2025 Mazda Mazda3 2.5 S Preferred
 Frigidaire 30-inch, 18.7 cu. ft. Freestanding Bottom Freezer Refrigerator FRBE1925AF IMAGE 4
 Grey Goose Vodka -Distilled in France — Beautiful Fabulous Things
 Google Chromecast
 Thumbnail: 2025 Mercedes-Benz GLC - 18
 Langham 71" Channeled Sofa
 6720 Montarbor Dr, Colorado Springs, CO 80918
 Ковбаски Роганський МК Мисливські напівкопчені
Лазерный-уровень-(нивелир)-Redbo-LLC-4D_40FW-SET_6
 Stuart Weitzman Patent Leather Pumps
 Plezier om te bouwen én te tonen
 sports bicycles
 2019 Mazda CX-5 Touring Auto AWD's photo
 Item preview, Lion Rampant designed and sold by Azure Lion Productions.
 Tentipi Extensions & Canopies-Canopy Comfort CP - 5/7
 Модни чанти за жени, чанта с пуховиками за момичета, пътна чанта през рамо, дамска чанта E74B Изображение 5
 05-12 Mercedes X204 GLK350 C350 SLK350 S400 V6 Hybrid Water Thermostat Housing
----
** Task statement **
Among the lines above, find those with the string "Mercedes" and copy them.

** Response area **
 Thumbnail: 2025 Mercedes-Benz GLC - 18
 05-12 Mercedes X204 GLK350 C350 SLK350 S400 V6 Hybrid Water Thermostat Housing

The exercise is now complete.